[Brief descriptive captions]
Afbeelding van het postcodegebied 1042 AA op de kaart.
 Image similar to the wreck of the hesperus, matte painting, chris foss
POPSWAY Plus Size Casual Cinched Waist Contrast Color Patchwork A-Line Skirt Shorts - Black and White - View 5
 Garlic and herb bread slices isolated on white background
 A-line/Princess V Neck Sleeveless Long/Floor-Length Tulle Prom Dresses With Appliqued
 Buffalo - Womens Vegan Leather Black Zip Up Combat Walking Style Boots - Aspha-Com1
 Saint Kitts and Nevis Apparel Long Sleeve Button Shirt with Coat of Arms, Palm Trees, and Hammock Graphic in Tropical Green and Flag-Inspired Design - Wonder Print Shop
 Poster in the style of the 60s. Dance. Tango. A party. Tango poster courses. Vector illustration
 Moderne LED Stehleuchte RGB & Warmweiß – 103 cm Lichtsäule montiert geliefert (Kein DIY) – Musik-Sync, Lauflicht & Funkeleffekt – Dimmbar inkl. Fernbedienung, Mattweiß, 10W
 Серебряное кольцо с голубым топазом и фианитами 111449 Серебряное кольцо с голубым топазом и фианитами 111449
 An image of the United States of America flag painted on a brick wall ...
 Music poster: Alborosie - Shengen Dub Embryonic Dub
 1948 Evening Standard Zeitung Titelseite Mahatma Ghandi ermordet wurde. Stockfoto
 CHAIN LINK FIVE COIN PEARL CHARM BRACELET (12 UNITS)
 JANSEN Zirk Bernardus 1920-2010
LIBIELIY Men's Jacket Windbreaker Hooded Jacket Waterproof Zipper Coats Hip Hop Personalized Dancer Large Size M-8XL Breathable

◆ **What is being asked**:
The answer must be the line containing "Moderne LED Stehleuchte" and every line after it through the last line of the records above, repeated exactly.

◆ **Exercise answer**:
 Moderne LED Stehleuchte RGB & Warmweiß – 103 cm Lichtsäule montiert geliefert (Kein DIY) – Musik-Sync, Lauflicht & Funkeleffekt – Dimmbar inkl. Fernbedienung, Mattweiß, 10W
 Серебряное кольцо с голубым топазом и фианитами 111449 Серебряное кольцо с голубым топазом и фианитами 111449
 An image of the United States of America flag painted on a brick wall ...
 Music poster: Alborosie - Shengen Dub Embryonic Dub
 1948 Evening Standard Zeitung Titelseite Mahatma Ghandi ermordet wurde. Stockfoto
 CHAIN LINK FIVE COIN PEARL CHARM BRACELET (12 UNITS)
 JANSEN Zirk Bernardus 1920-2010
LIBIELIY Men's Jacket Windbreaker Hooded Jacket Waterproof Zipper Coats Hip Hop Personalized Dancer Large Size M-8XL Breathable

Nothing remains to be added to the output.